- SOURCE MATERIAL -

---

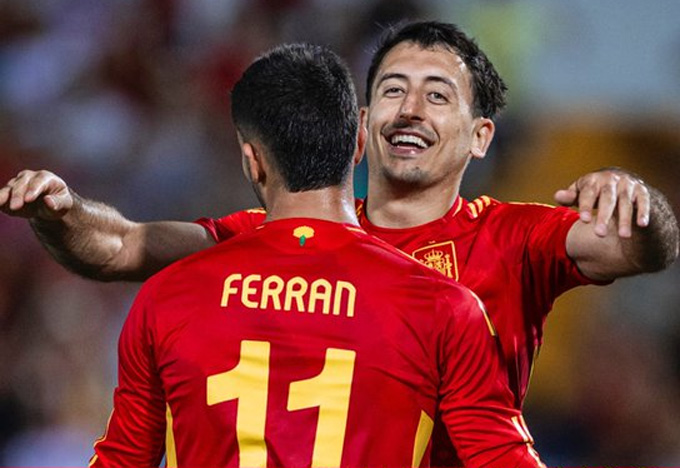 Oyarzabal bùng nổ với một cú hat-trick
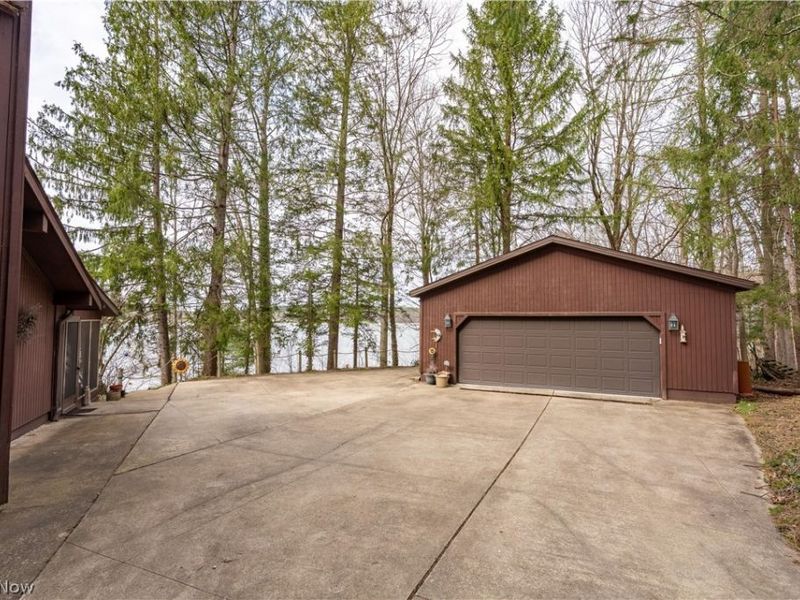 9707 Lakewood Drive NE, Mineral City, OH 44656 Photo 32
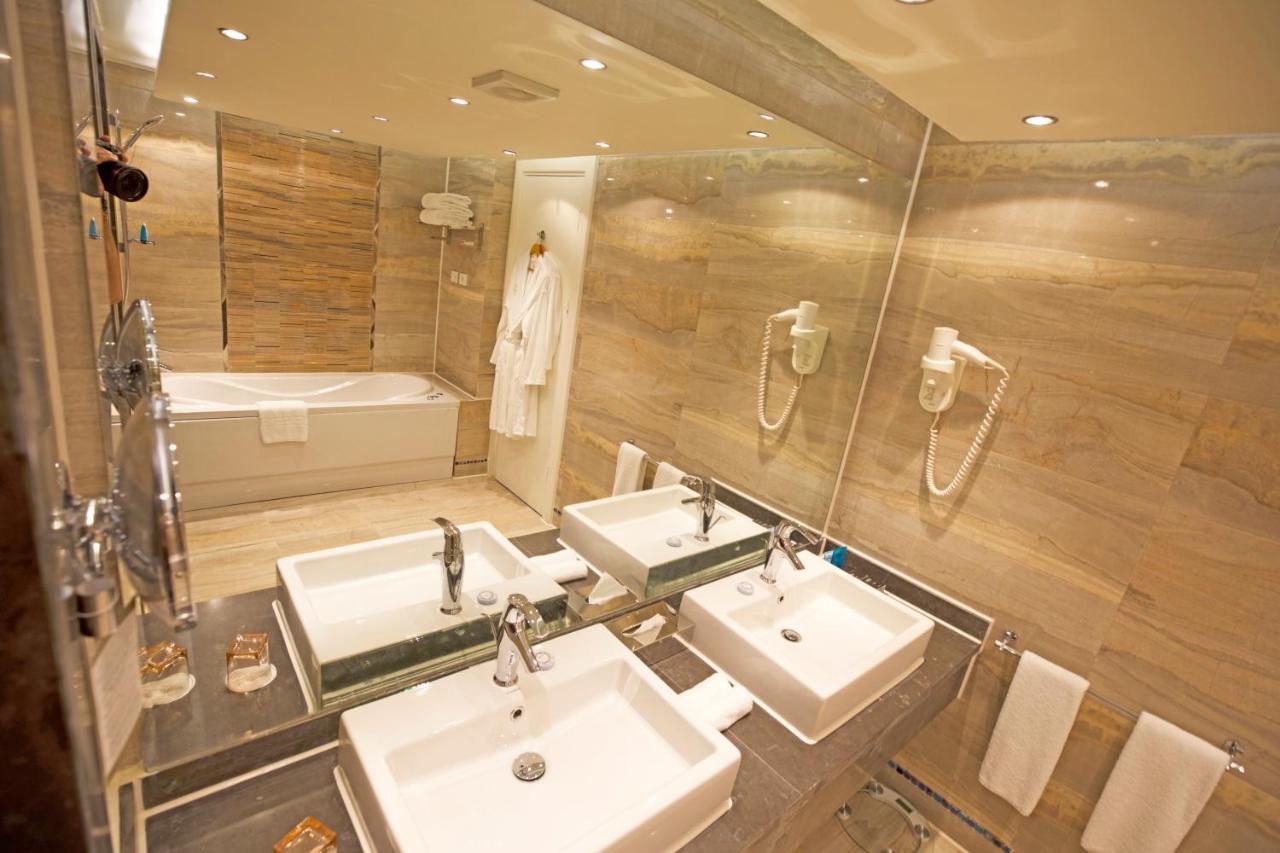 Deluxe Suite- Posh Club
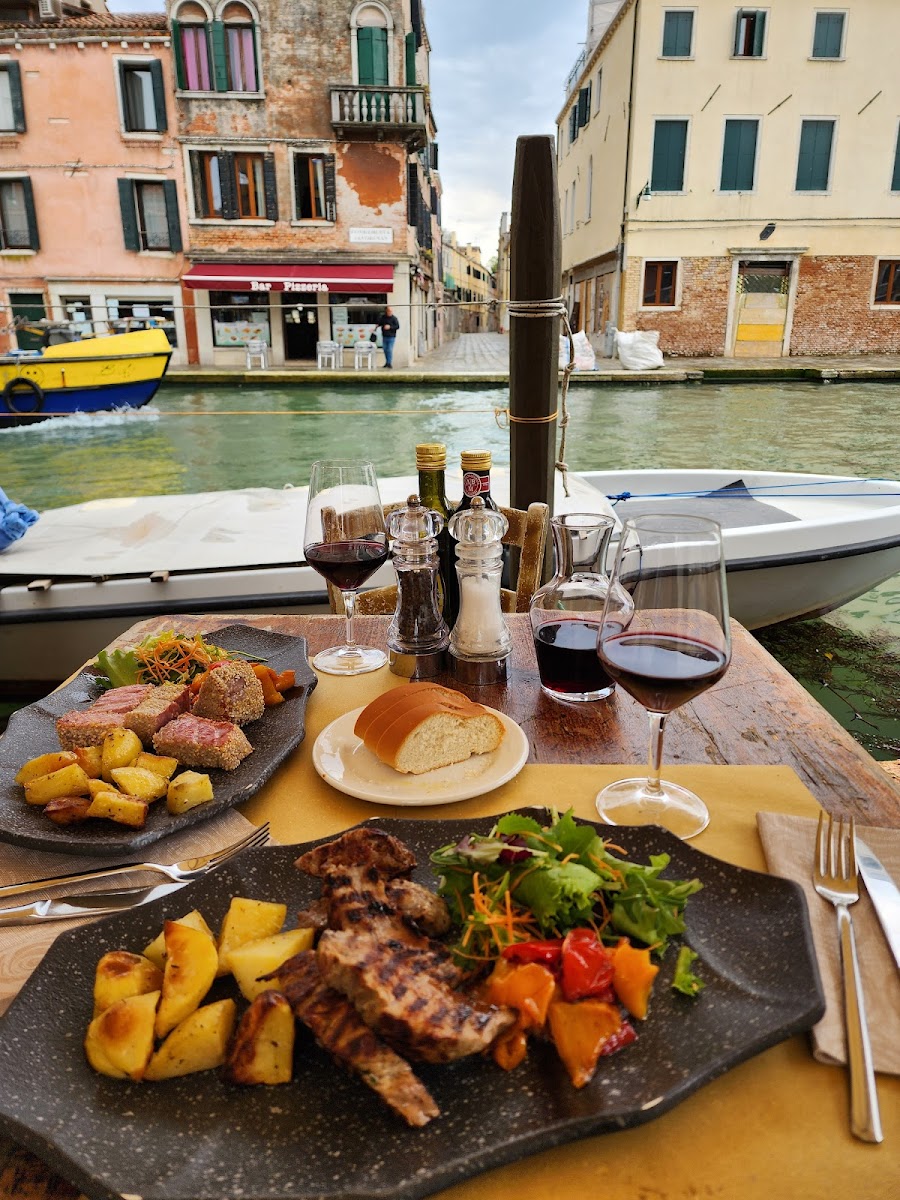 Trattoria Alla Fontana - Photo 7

---

- INSTRUCTIONS FOR THE TASK -
The answer is to be the lines from the line that contains "9707 Lakewood Drive" through the last line of the material, retyped exactly, both included, with pictures left out, please.

- TASK SOLUTION -
 9707 Lakewood Drive NE, Mineral City, OH 44656 Photo 32
 Deluxe Suite- Posh Club
 Trattoria Alla Fontana - Photo 7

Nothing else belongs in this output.